The state and city have continued to push back on this narrative by claiming their budgetary contributions are “iron clad,” but it’s hard to take Cuomo or Mayor Bill de Blasio as their words. They have hardly been transit boosters before, and the budgetary shenanigans are just another way to stick it to New York City’s transit riders without tackling the larger issues of mobility and capital funding. It’s the same old song and dance, and 15 months after the capital program was due to start, we are still no closer to a real solution.
22 comments
Obligatory “Generation Greed” comment… Now that’s out of the way, anyone have anything novel to say about this?
So I expect you think it’s fine that the future is drained away from younger people, with this just one small aspect of a larger picture?
As best as I can tell, the only person calling attention to that larger picture is me.
Lease your assets and buy real estate around the properties to fund the capital program. Cuamo is incompetent. I don’t know how you voted for him
Not necessarily fair. Who else was there? I doubt Carl Paladino would have been too helpful on transit
Objectively speaking, I don’t know how anyone could have watched the one debate in 2010 (and virtually no one did watch and the media obsessed over Jimmy McMillan and the Rent Being Too Damn High) and not conclude that either Howie Hawkins of the Green Party or the libertarian party guy won it. The public was warned, they just didn’t listen to Cuomo’s own words in many cases.
“Go ahead, throw your vote away!” – Kang
“Don’t blame me, I voted for Kodos” – Homer
Well, I voted for Zephyr in the primary, and Howie in the general. Cuomo had already disgusted me way too much during his first term to waste my vote on him again.
Cuomo would fund this in 5 minutes if one of his election donors would make a profit on it … quid pro Cuomo.
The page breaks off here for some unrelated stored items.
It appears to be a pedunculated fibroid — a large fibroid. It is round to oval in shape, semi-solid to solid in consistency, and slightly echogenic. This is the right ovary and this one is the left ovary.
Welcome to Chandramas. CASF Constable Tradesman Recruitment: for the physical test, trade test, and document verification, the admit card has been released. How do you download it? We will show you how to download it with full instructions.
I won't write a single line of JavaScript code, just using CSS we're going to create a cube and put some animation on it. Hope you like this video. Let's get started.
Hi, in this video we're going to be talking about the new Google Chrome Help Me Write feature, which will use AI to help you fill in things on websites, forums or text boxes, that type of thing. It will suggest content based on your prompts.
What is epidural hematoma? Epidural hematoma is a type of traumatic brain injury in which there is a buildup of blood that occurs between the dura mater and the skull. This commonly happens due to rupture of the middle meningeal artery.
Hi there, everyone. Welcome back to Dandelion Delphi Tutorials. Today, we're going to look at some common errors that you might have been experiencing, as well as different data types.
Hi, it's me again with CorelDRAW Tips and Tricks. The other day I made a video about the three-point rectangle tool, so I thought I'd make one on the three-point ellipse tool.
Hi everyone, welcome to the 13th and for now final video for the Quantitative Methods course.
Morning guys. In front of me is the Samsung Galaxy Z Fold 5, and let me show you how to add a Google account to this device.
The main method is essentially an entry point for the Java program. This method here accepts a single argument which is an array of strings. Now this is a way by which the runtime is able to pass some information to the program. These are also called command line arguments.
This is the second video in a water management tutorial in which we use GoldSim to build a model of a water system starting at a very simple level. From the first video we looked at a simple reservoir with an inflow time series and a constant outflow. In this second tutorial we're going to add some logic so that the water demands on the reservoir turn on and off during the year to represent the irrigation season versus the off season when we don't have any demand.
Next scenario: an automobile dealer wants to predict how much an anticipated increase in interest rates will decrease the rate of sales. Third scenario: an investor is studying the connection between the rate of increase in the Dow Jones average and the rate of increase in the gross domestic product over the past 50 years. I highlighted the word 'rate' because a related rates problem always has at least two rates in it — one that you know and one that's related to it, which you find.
The builders keep building and building, taller buildings in places, more dense than what was before in others. These people need to get around. Once they (quickly) learn that they cannot fit on the trains, they will drive. Once they drive, there will be more congestion. Once there is more congestion, no one can get around. Once no one can get around, the economy will fall down, and people will leave. The overcrowding problem will be solved, and there will be a diminished city left.
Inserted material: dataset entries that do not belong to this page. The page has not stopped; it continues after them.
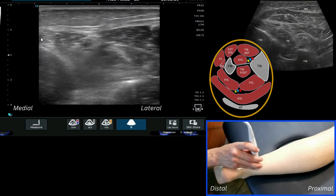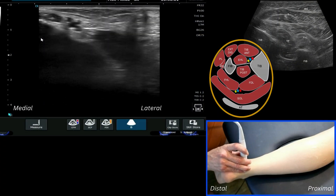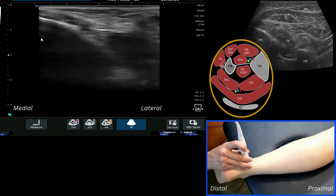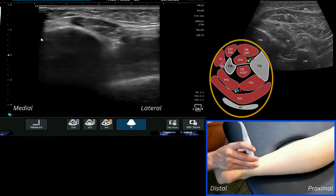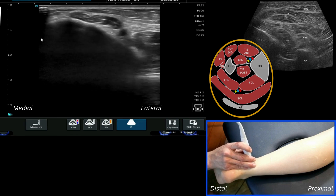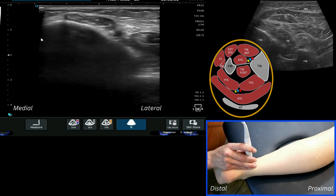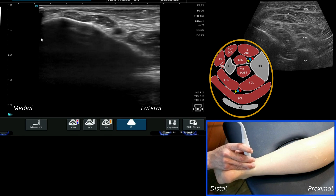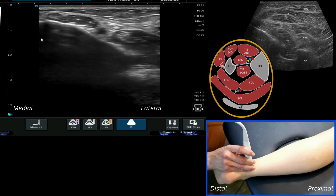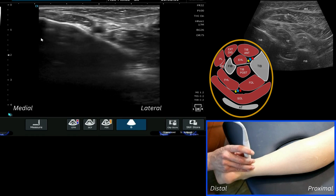This video looks at the posterior compartment of the lower leg. Specifically, we're going to look at the tibialis posterior tendon and muscle in the calf, the flexor digitorum muscle, and the flexor hallucis muscle sitting deep to soleus and the medial head of gastrocnemius.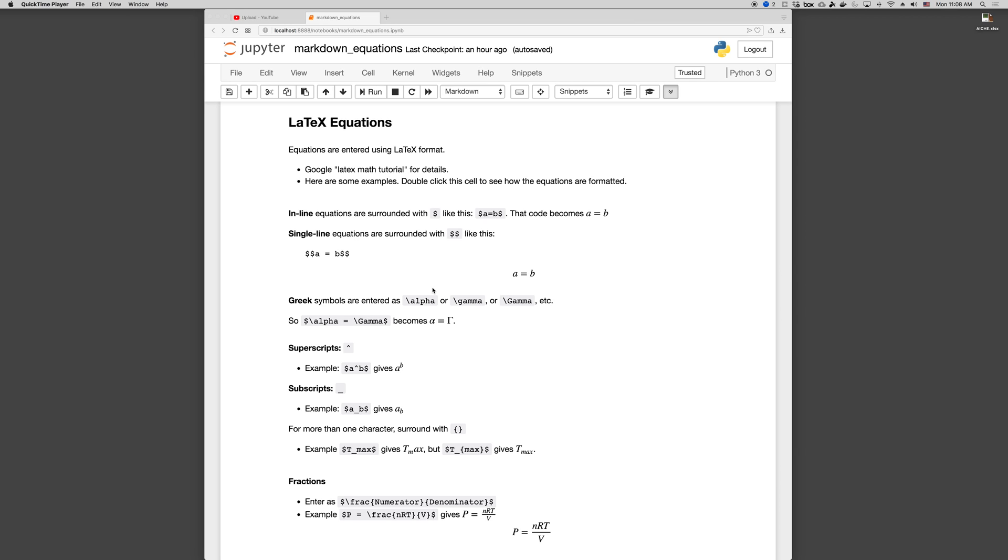So if you want to write Greek letters, we format those as backslash, and then the name of the letter, and if the name starts with the capital, then it will be the capital version of the Greek letter. So alpha equals gamma, with capital gamma, will give me alpha equals capital gamma.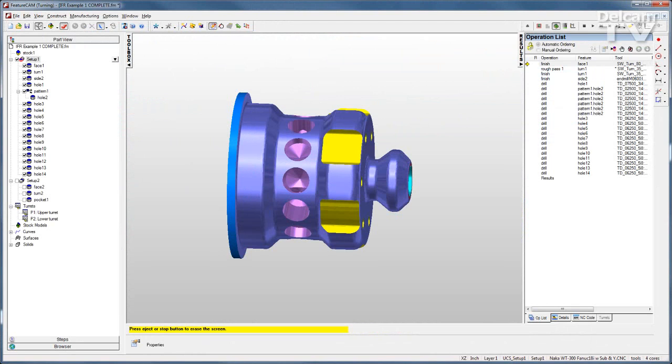Turning centers are getting more advanced every day. Thankfully FeatureCam's advanced turn milling module makes programming these machines fast and simple.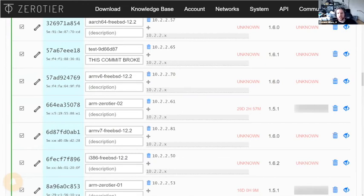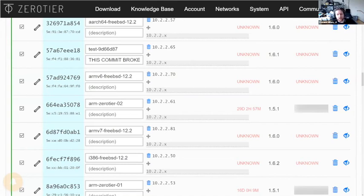I do this a lot for testing FreeBSD 12 versus 13 versus 14 with ports. With the Raspberry Pi I don't need to pull out the SD card or USB drive — I can just have all those versions booted and running simultaneously in parallel. That's really sped up the ability to debug regression testing.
“Increasing the MTA’s debt ceiling to $55 billion.”
How about we agree on this. Nobody born after 1957 has any obligation to pay any of those debts back. We’ve been robbed by those who came before, and it is they who are holding that tax-free paper. Let’s talk about defaulting.
I don’t understand this logic. People born after 1957 have no responsibility for present day conditions? Is that it? People up to 58 years of age didn’t make decisions – like whom to vote for, or even whether to vote at all – and so are absolved of any responsibility? This doesn’t make sense.
That’s what Generation Greed would argue. The generation to follow, Generation Apathy, got what it deserved, along with those following after that.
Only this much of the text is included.